**TASK TO COMPLETE**:
Extract word for word the lines of the listing from its start to the line holding "Op de afbeelding: Close-up", both ends kept; pictures are not part of the copy.

SUPPLIED INFORMATION below:

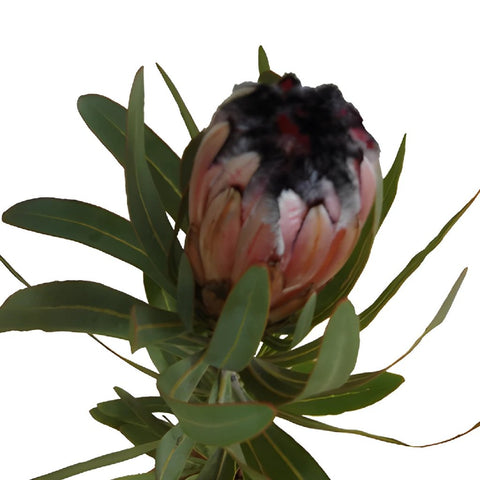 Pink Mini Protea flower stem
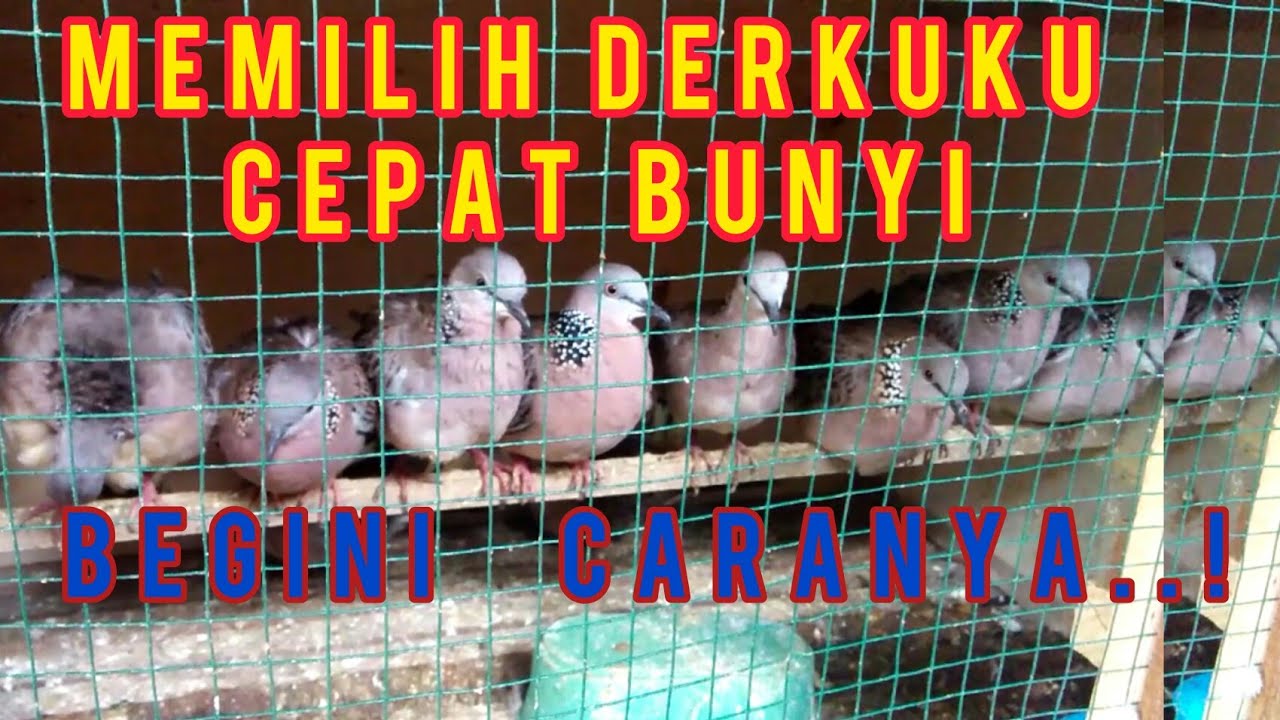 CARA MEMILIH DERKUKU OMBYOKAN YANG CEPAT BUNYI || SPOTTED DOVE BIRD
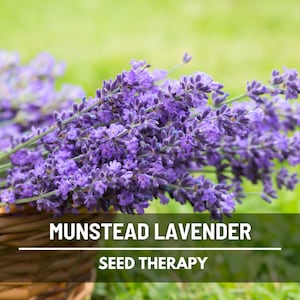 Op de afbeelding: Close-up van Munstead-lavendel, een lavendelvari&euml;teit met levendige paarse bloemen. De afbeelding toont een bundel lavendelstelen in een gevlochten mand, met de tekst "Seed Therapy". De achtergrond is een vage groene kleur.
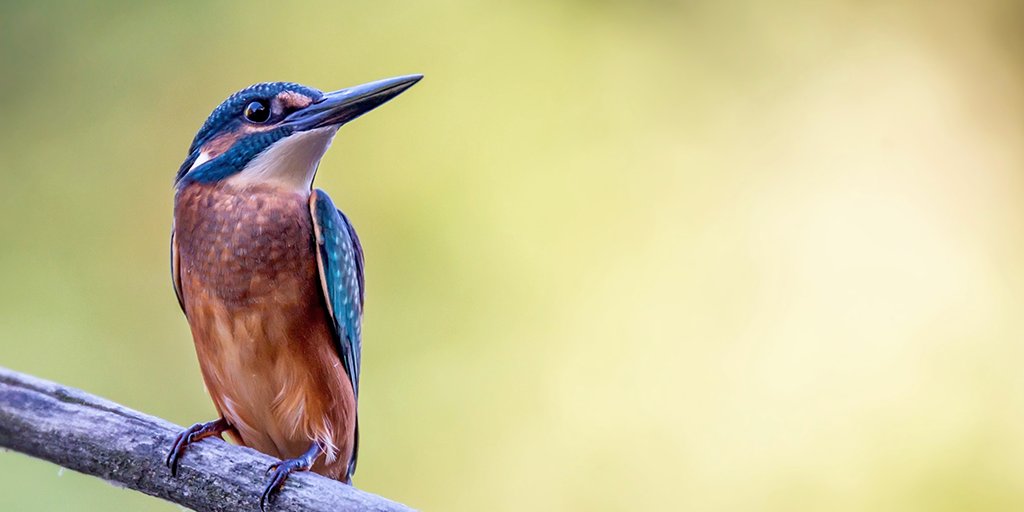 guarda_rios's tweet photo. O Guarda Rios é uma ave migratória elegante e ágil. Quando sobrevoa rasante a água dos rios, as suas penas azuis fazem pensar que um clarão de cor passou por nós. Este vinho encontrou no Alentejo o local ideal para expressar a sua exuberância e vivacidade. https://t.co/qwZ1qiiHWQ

End of SUPPLIED INFORMATION.

**WRITTEN RESPONSE**:
 Pink Mini Protea flower stem
 CARA MEMILIH DERKUKU OMBYOKAN YANG CEPAT BUNYI || SPOTTED DOVE BIRD
 Op de afbeelding: Close-up van Munstead-lavendel, een lavendelvari&euml;teit met levendige paarse bloemen. De afbeelding toont een bundel lavendelstelen in een gevlochten mand, met de tekst "Seed Therapy". De achtergrond is een vage groene kleur.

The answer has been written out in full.